Another way of interpreting Frankenstein is through the lens of myth criticism. In “The Theme of the Three Caskets,” the theme of primordial goddesses, from the Greek Persephone to Psyche to Aphrodite, Zeus’ beautiful daughter without having been birthed by a mother, thus, doubling for Victor’s creature, to the Oriental Mother-Earth goddess, shows an ambivalence of beauty and ugliness, death and love, and a theme of substitution exemplified by the sister in the Brothers Grimm’s fairy tale Twelve Brothers (Freud 295-6, 299). The sister takes the place of her brothers who are fated to die if a girl is born in the family. The mother of course, hides her sons in the forest until their sister, upon learning that she had brothers, comes looking for them. Seeing that she is not out to kill them, they take her with them and she lives with them and takes care of them. She saves her brothers by setting them free from the curse of being ravens by remaining dumb for seven years – at the risk of losing her own life as she defies the order of her husband, the king, to give up dumbness.

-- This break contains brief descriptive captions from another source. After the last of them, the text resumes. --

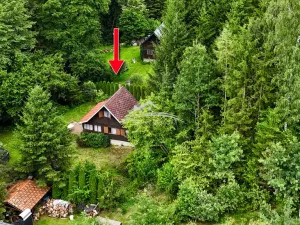 Prodej chaty, Nová Cerekev - Stanovice, 55 m2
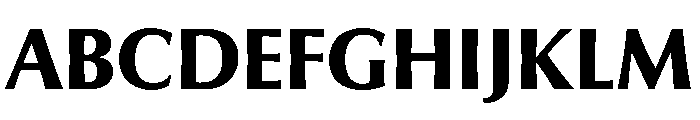 Skeena Heavy Font UPPERCASE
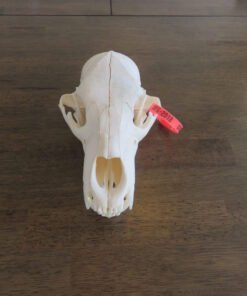 Black Bear Skull For Sale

In like manner, Elizabeth takes Victor’s place against the clutches of death from the monster’s hands, although the creature cannot kill Victor because Victor is his other self, – his alter ego, thus, the ambivalence, the double nature, the goddess of death and love at the same time. Freud gives a name for this duality of man’s mind: the id, or “it,” which is the irrational, unconscious, and unknown part of the psyche, and the ego, or I, which is the rational, orderly, conscious part (Smith qtd. in Shelley 301). This could be why the creature, having no name, is referred to as “it.” We have seen Elizabeth’s substitution for Victor’s mother by being alive when Victor’s mother dies in her place in a fit of fever, because she loved and cared for the orphan Elizabeth – another substitution; now, Elizabeth substitutes for Victor in the realm of the dead, because she loves him. Although Mary Shelley was not a practical Christian, it seems that she has offered us a parallel theme of substitution by sacrificial love, agape. “Greater love has no one than this: to lay down one’s life for one’s friends” (NIV, Jn. 15.13).
Works Cited
Allen, Amy. “The Psychoanalytic Art of Living; or, Learning to Love One’s Fate.” Psychoanalysis and Culture, 23 Apr. 2025, https: doi.org.10.1057/s41282-025-00532-1. Accessed 14 Jun. 2025.
Freud, Sigmund. A General Introduction to Psychoanalysis. Translated by G. Stanley Hall, Pantianos Classics, 1920.
—. “The Theme of the Three Caskets.” The Complete Psychological Works of Sigmund Freud, Translated by James Strachey, vol. 12, The Hogarth Press, 1958, pp. 292-301.
Holy Bible, New International Version, Zondervan, 2022.
Shelley, Mary. Frankenstein, Edited by Johanna M. Smith, 3rd ed., Boston, Bedford/St. Martin’s, 2016.
Smith, Johanna M. “Psychoanalytic Criticism.” Shelley, Mary. Frankenstein, Edited by Johanna M. Smith, 3rd ed., Boston, Bedford/St. Martin’s, 2016.
Stevens, Anne H. Literary Theory and Criticism: An Introduction. 2nd ed., Broadview Press, 2021.